WHAT TO WORK ON. Skip all pictures, then copy the lines from the start of the data through the line with "I did finish", keeping both ends.
[EXERCISE INPUTS — start]
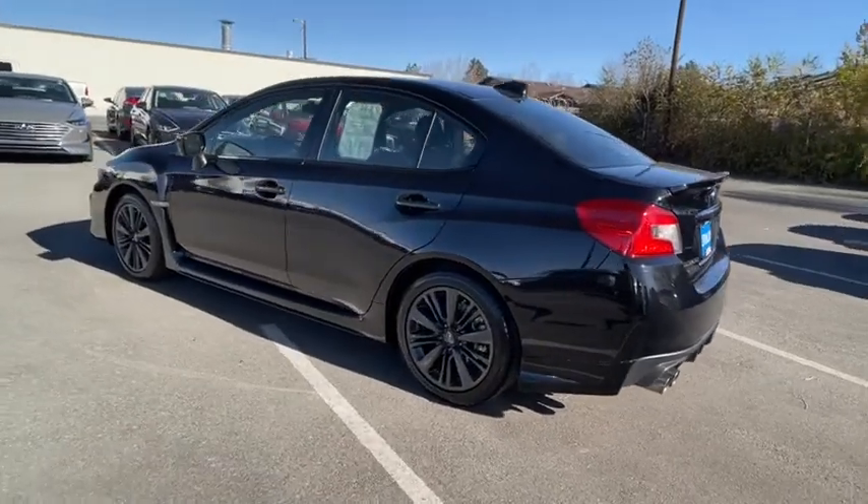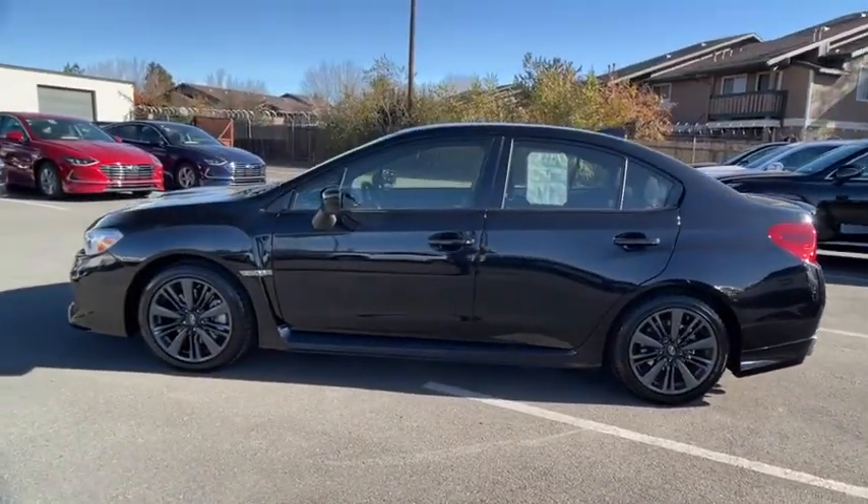This vehicle has less than 15,000 miles. Here are some of this vehicle's great options.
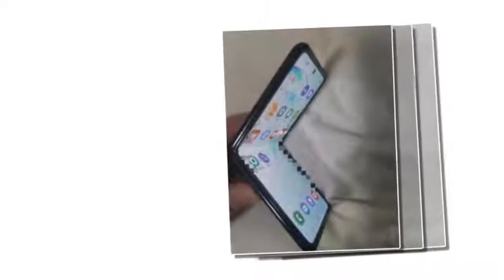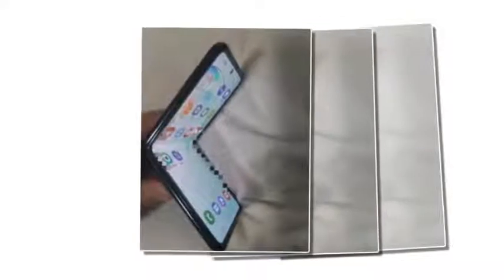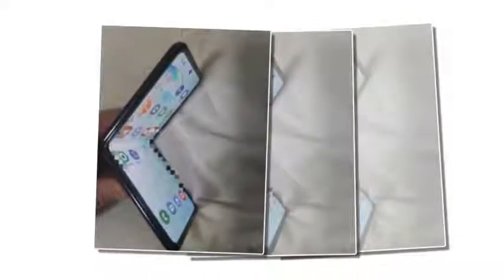Samsung's clamshell foldable has been spotted in live images. Towards the end of October, Samsung gave us an official tease for its upcoming clamshell foldable phone. Since then we've seen countless renders and rumors about the device.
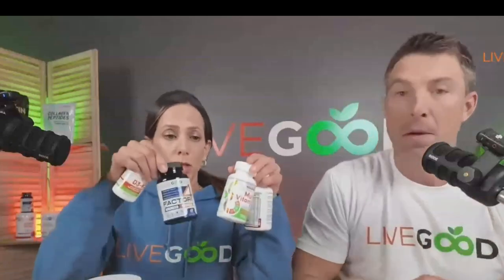If you've been with LiveGood, it makes sense to do the membership — because if you're buying more than two products a month, which everyone should be doing with the core four products, you're already there.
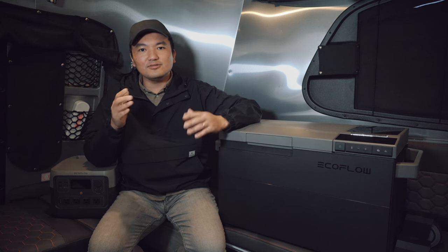Hey everyone, welcome to the channel. If you're new to the channel, hit that subscribe button to show this channel some support.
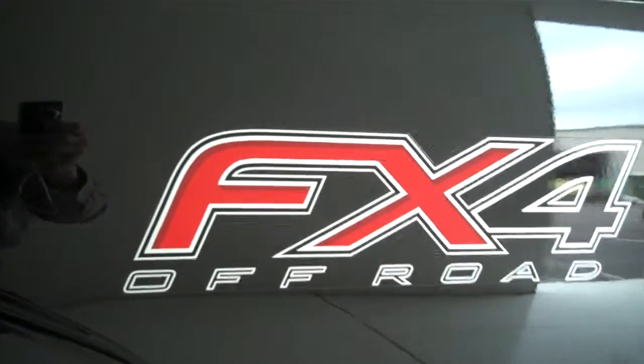It also has the EcoBoost engine for great gas mileage and lots of power. It has keyless entry on the door. This is a four wheel drive truck and it also has the FX4 off-road package.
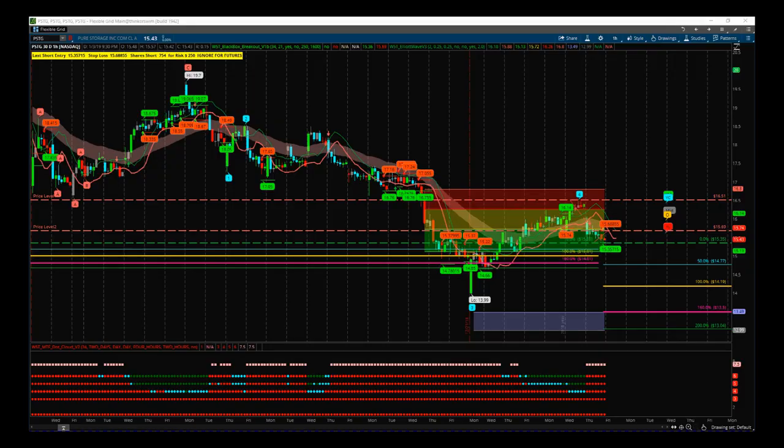Hi, this is Paul from tradetofifth.com and this is my daily stock signals video for Friday the 4th of January. I want to combine the Elliott Wave Indicator Suite and the Black Box Breakout Indicator here on the ThinkOrSwim platform. Both indicator suites are available for NinjaTrader NT8 as well. We currently have the Elliott Wave Indicator Suite for TradeStation and MultiCharts, and the Black Box Breakout Indicator is in development for TradeStation.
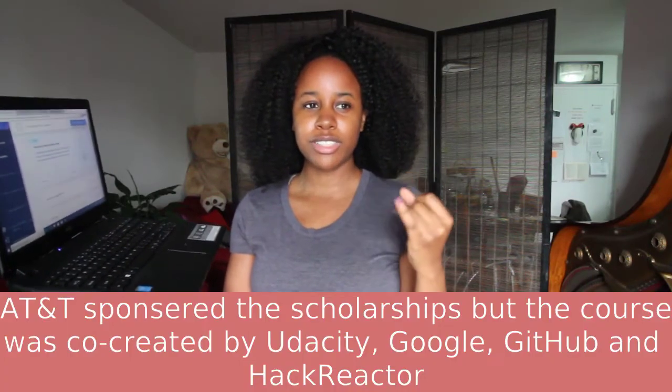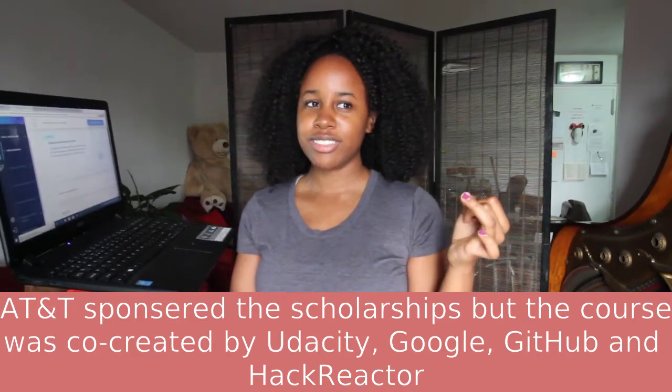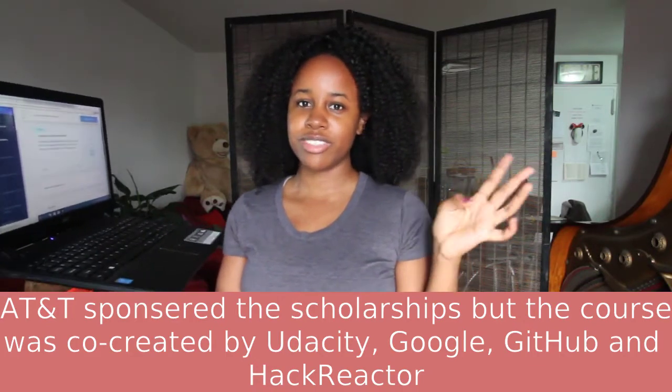Another reason why I chose this was because it was sponsored. I got the AT&T scholarship, but it was sponsored by or created by like Google, Hack Reactor, and two other big name companies.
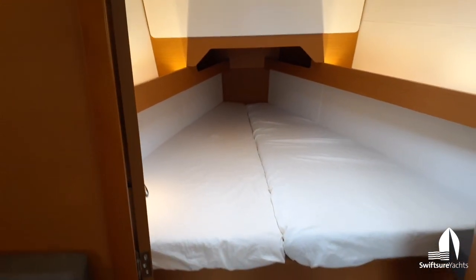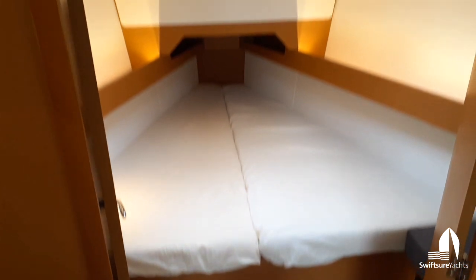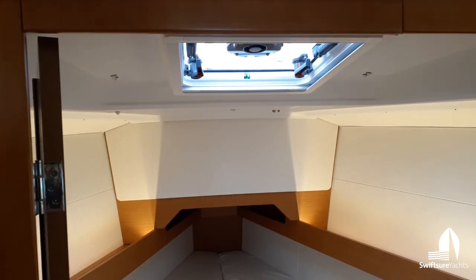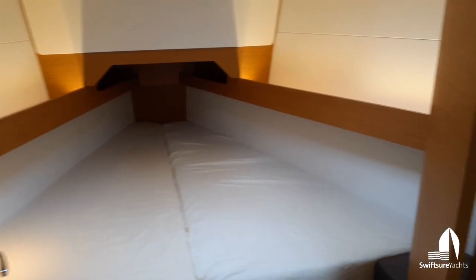Coming forward, we can see the forward cabin — V-berth, double doors there. So we have a really nice wide open space when it's just a couple of us aboard, but then we can close it off when we have guests.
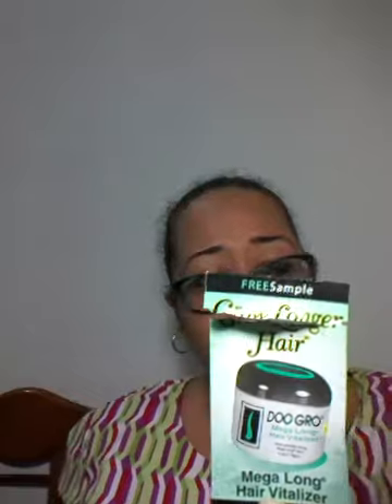I did finish my Grow Longer Hair Do Grow Mega Hair Vitalizer — completed that. But unfortunately I have to get rid of this Pure Gentle Eye Makeup Remover — it expired in July 2016. I didn't see the expiry date and I went using it to remove makeup and found there was a burning sensation. Then I read the date and it's expired, so I'm getting rid of that.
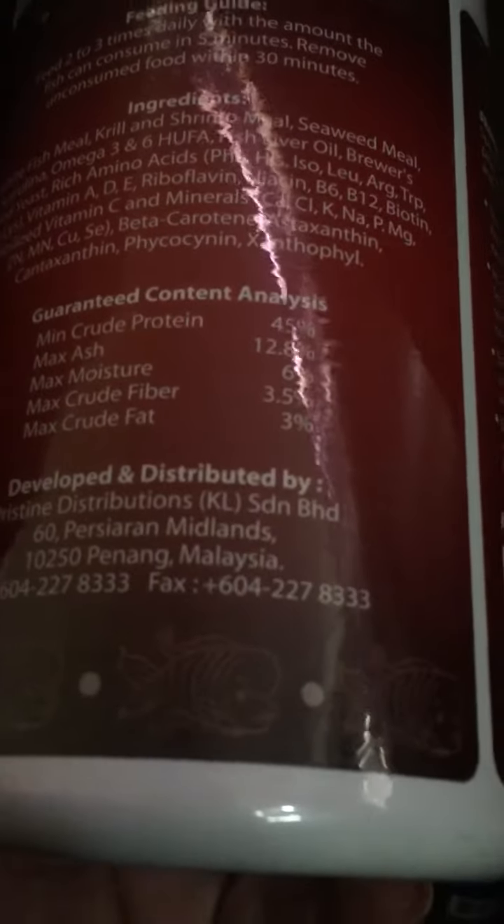Oh yeah, it's going down. My food stuff is getting low and this just came in — Grand Sumo Red, brand new in the plastic. And I told you, Malaysia — where is this from? Malaysia. Right there, Penang. Like I'm telling you guys, look at the crude.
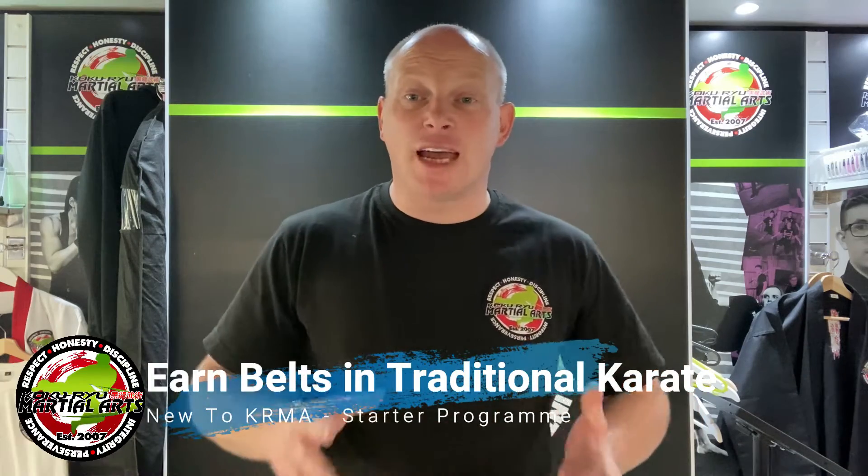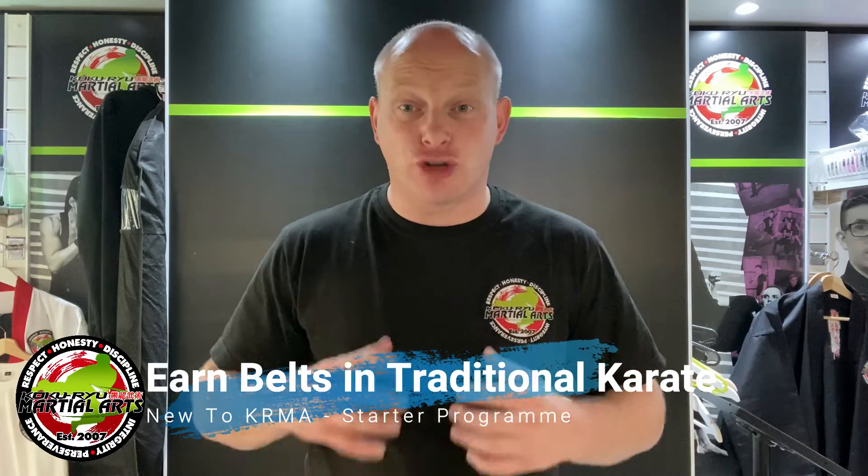Hey guys, Santiani here and we're going to take a look at how you achieve your belts in our traditional Pilates program. How do you earn belts in traditional Pilates? It's actually quite simple. We have a full grading syllabus that goes from ninth kyu right up to first kyu brown belt.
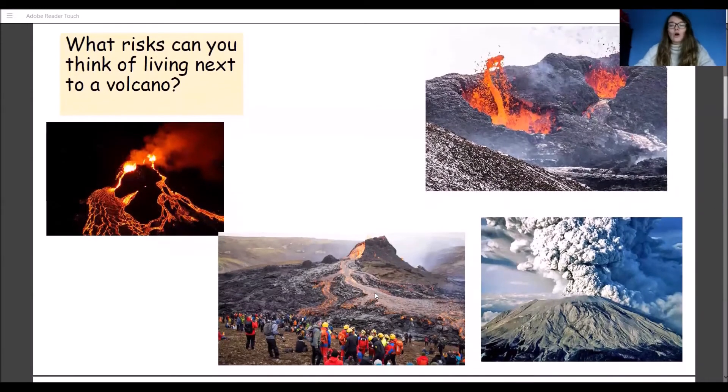Either on your worksheet or on a piece of paper, I want you to think about the risks that people might have of living next to a volcano. There are some pictures here for you to have a look at with lots going on, and I want you to think about what could be some of the risks that come with living near a volcano. What might happen if you live next to one of these?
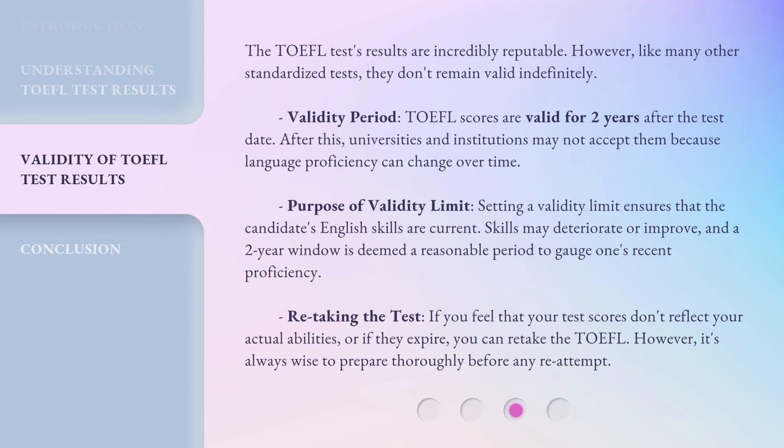The TOEFL test's results are incredibly reputable. However, like many other standardized tests, they don't remain valid indefinitely. TOEFL scores are valid for two years after the test date. After this, universities and institutions may not accept them because language proficiency can change over time. Setting a validity limit ensures that the candidate's English skills are current — skills may deteriorate or improve, and a two-year window is deemed a reasonable period to gauge one's recent proficiency.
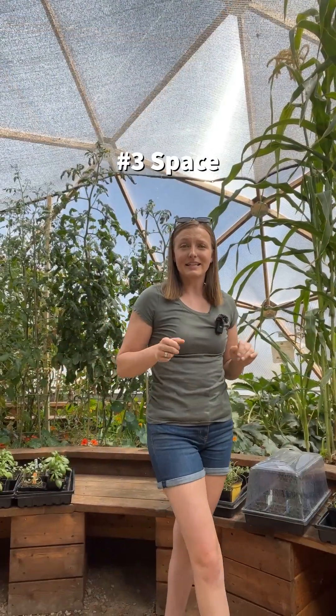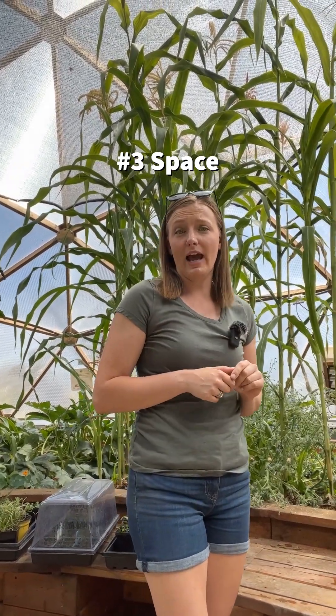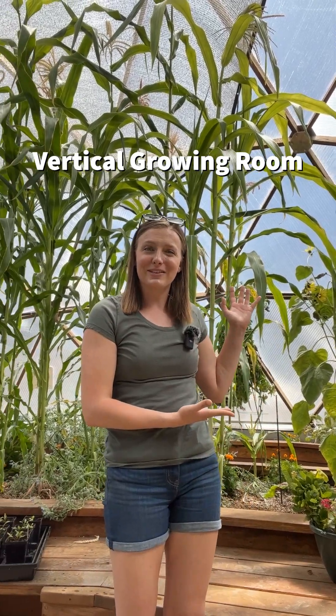Geodesic domes maximize the internal growing space by providing you more room for plants in the same amount of square footage that you would have in a traditional greenhouse. This is due to all of the vertical space that you have, making room for hanging baskets, vertical growing systems, and even trees and tall plants to thrive.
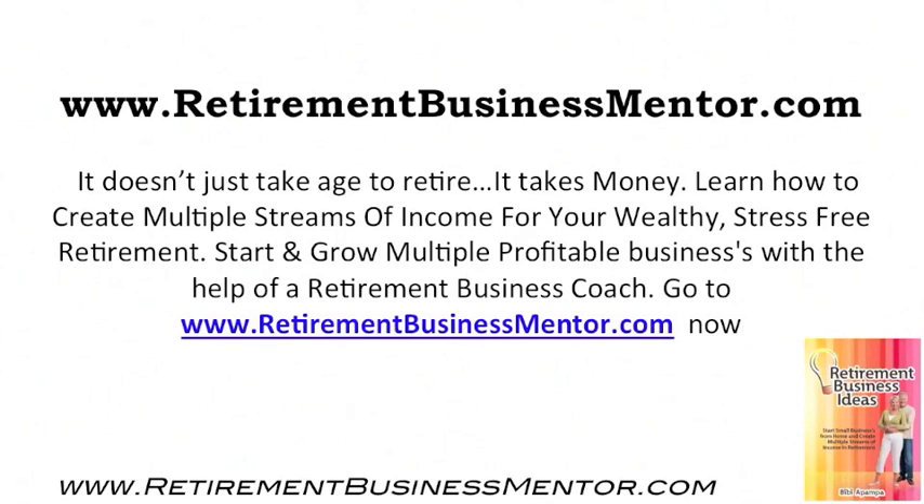Visit www.retirementbusinessmentor.com. It doesn't just take age to retire — it takes money. Learn how to create multiple streams of income for your wealthy, stress-free retirement. Start and grow multiple profitable businesses with the help of a retirement business coach. Go to www.retirementbusinessmentor.com now.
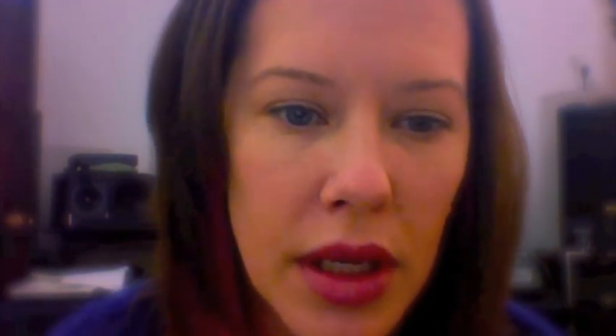It's like a little bit of a stain — you know those lip stains? That's what it looks like. You don't need a mirror, you don't need a lip brush, you don't need a lip liner.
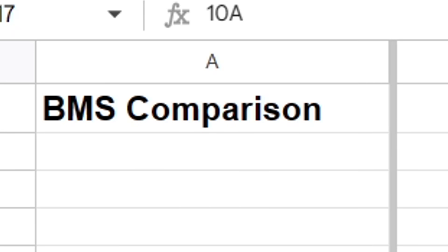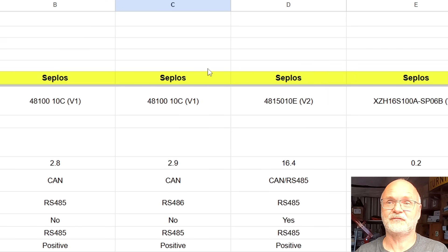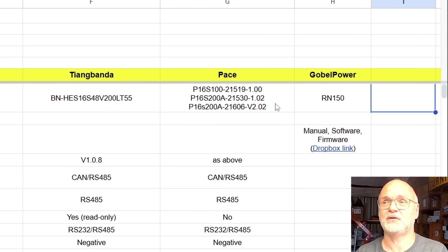Because these industrial-style BMSs have so many features which are not documented in the specifications or in the manual, I started making this spreadsheet. Without further ado, let's get right into it. Here's the spreadsheet called 'BMS Comparison' - it's a very unspectacular title but it has some good information in there. I'm using it all the time now when testing these BMSs because I can't always remember what settings I need to change. In the columns I have the different BMSs - four different Seplos BMSs, the Tian Ge Luma BMS, the Pace BMS, and the Gobel Power BMS so far, and I will add more BMSs down the track.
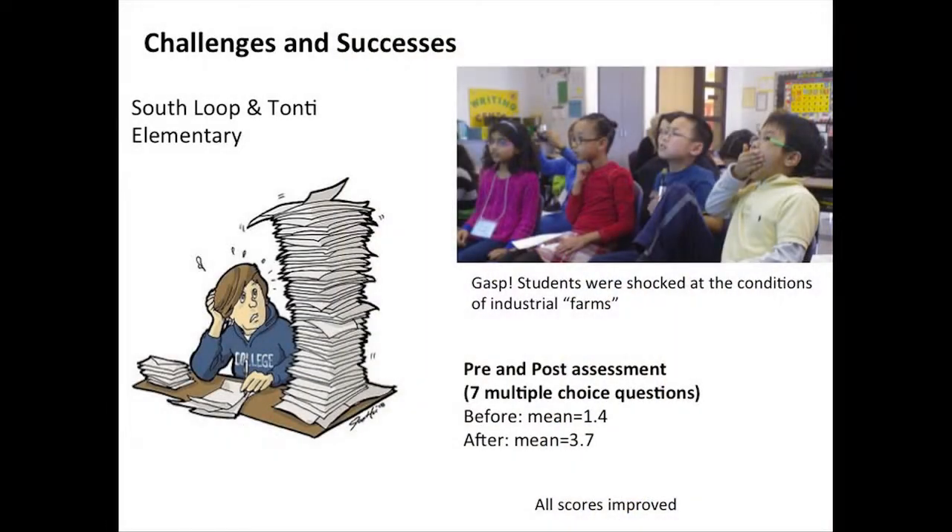To expand on some of the successes — you can see from this picture, when these kids were watching Food Inc., the documentary on how food production changed, they were really shocked and surprised, as this kid on the right had his hand over his mouth. We also quantified our success because we provided a pre-assessment, which was a seven multiple choice question test. After the program, we gave them a post-assessment. Before, they got about 1.4 questions right, and afterwards it was 3.7 questions correct. That was a really significant difference because every child improved their score — no one did worse, and no one even got the same number right. They all learned something new.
[EXERCISE INPUTS — finish]
WRITTEN ANSWER.
This vehicle has less than 15,000 miles. Here are some of this vehicle's great options.
Samsung's clamshell foldable has been spotted in live images. Towards the end of October, Samsung gave us an official tease for its upcoming clamshell foldable phone. Since then we've seen countless renders and rumors about the device.
If you've been with LiveGood, it makes sense to do the membership — because if you're buying more than two products a month, which everyone should be doing with the core four products, you're already there.
Hey everyone, welcome to the channel. If you're new to the channel, hit that subscribe button to show this channel some support.
It also has the EcoBoost engine for great gas mileage and lots of power. It has keyless entry on the door. This is a four wheel drive truck and it also has the FX4 off-road package.
Hi, this is Paul from tradetofifth.com and this is my daily stock signals video for Friday the 4th of January. I want to combine the Elliott Wave Indicator Suite and the Black Box Breakout Indicator here on the ThinkOrSwim platform. Both indicator suites are available for NinjaTrader NT8 as well. We currently have the Elliott Wave Indicator Suite for TradeStation and MultiCharts, and the Black Box Breakout Indicator is in development for TradeStation.
Another reason why I chose this was because it was sponsored. I got the AT&T scholarship, but it was sponsored by or created by like Google, Hack Reactor, and two other big name companies.
Coming forward, we can see the forward cabin — V-berth, double doors there. So we have a really nice wide open space when it's just a couple of us aboard, but then we can close it off when we have guests.
I did finish my Grow Longer Hair Do Grow Mega Hair Vitalizer — completed that. But unfortunately I have to get rid of this Pure Gentle Eye Makeup Remover — it expired in July 2016. I didn't see the expiry date and I went using it to remove makeup and found there was a burning sensation. Then I read the date and it's expired, so I'm getting rid of that.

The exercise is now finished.